━━━━━ Extracted data ━━━━━

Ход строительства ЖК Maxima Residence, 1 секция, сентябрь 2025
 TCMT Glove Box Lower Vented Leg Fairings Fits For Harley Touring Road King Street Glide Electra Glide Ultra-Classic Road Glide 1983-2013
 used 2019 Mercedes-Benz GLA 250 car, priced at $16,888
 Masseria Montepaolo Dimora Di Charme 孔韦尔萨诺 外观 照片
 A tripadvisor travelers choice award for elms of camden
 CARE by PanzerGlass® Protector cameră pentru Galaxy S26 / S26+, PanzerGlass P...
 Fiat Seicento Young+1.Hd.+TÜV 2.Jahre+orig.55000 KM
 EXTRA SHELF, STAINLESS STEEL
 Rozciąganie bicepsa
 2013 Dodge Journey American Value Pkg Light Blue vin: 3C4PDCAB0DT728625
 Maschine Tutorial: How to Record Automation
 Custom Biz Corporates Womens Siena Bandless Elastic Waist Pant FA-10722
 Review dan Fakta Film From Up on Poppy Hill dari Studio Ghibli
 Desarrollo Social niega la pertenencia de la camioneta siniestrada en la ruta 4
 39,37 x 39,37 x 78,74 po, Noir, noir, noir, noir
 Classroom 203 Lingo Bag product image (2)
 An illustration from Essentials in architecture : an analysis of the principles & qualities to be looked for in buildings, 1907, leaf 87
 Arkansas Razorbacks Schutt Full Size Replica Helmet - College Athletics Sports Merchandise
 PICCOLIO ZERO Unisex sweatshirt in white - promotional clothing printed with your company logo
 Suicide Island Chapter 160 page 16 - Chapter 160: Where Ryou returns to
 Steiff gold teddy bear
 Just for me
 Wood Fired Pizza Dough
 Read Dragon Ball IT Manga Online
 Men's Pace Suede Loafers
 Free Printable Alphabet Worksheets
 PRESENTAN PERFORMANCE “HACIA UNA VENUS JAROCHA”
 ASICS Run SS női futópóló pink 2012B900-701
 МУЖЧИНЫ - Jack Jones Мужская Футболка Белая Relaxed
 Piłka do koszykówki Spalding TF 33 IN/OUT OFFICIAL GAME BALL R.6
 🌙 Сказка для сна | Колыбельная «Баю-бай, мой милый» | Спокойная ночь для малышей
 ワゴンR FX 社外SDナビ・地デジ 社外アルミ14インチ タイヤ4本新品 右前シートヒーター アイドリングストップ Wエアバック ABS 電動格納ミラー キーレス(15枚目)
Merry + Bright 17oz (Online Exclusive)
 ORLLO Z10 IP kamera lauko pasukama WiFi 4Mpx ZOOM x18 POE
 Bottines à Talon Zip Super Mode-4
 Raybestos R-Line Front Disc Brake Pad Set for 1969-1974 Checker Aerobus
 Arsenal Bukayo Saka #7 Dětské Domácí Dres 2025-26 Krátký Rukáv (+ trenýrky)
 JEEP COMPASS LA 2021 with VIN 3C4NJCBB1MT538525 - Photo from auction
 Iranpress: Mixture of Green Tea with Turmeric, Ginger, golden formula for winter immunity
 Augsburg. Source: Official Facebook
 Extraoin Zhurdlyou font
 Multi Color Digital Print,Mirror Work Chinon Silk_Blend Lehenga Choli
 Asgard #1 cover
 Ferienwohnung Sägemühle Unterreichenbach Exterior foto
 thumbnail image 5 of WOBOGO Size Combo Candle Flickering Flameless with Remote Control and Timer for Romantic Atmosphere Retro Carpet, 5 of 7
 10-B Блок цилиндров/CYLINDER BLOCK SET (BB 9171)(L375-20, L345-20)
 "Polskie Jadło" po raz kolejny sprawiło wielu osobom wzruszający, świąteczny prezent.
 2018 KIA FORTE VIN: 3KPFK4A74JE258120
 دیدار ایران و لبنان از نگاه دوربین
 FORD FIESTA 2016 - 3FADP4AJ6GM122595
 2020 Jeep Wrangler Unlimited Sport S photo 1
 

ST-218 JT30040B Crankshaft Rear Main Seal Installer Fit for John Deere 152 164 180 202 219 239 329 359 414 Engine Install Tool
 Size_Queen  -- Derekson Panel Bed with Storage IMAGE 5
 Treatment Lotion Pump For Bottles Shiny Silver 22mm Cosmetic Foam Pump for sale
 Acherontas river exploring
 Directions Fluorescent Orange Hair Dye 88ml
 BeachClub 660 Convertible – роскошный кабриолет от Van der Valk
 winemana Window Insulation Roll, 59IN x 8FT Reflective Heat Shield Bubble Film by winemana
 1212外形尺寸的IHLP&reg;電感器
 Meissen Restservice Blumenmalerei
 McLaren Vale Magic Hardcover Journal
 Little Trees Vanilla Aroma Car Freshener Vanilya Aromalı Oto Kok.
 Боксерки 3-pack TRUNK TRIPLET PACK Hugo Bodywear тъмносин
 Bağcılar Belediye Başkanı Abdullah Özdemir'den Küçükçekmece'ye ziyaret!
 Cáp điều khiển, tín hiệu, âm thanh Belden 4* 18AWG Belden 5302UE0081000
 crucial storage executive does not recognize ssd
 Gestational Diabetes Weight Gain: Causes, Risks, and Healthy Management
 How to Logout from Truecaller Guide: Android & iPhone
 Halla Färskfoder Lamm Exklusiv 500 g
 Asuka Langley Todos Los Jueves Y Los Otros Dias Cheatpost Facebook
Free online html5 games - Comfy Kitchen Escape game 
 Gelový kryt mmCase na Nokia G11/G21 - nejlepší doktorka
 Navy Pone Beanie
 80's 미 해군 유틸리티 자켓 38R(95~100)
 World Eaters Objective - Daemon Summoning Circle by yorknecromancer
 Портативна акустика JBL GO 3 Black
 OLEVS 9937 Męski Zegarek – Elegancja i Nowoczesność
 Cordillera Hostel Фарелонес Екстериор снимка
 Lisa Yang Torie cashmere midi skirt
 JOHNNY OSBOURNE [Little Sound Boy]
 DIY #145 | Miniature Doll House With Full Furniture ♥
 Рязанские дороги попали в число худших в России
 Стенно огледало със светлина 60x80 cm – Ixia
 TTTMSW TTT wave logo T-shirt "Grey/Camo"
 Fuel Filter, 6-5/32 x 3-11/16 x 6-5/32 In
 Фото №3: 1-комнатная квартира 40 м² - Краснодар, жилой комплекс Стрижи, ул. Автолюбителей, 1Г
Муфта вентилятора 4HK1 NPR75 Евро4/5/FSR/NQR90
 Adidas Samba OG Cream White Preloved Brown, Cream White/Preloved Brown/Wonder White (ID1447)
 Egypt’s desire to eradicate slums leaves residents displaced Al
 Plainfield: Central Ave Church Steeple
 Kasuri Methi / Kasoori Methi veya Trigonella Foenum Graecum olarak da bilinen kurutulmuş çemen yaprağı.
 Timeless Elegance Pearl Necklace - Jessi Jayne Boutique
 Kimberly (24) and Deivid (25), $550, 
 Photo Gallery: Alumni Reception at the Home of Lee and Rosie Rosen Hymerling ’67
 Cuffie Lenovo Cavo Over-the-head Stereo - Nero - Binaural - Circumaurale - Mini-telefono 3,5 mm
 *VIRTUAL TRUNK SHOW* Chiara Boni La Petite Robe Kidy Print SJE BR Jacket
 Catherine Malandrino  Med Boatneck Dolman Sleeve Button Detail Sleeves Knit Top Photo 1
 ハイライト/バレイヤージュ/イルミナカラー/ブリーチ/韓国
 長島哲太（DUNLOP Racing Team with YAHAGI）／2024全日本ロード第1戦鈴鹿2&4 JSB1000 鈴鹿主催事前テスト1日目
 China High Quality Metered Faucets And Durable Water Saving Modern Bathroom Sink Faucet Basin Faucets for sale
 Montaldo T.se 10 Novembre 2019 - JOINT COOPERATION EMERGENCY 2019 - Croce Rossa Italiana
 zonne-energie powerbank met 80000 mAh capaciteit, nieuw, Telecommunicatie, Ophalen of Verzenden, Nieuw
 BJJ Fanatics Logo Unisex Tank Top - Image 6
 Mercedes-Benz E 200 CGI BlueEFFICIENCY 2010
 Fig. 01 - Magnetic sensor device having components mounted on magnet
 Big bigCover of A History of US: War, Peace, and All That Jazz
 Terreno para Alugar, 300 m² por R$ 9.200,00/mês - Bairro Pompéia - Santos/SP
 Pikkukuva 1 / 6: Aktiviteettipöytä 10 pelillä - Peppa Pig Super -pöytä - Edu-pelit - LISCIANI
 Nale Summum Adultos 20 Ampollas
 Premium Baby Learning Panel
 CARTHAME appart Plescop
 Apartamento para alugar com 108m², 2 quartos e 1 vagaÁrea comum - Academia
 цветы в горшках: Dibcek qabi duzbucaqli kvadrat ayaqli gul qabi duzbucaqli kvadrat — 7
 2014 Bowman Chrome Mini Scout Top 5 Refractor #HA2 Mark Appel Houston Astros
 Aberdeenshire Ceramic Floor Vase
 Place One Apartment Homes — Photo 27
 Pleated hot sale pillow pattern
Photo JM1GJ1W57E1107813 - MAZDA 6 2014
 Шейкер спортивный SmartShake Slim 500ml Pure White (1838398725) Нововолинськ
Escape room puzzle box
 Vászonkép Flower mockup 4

━━━━━

**Task goal**
Whenever a line in the material above holds the string "Film", copy that line in full.

**Exercise response**
 Review dan Fakta Film From Up on Poppy Hill dari Studio Ghibli
 winemana Window Insulation Roll, 59IN x 8FT Reflective Heat Shield Bubble Film by winemana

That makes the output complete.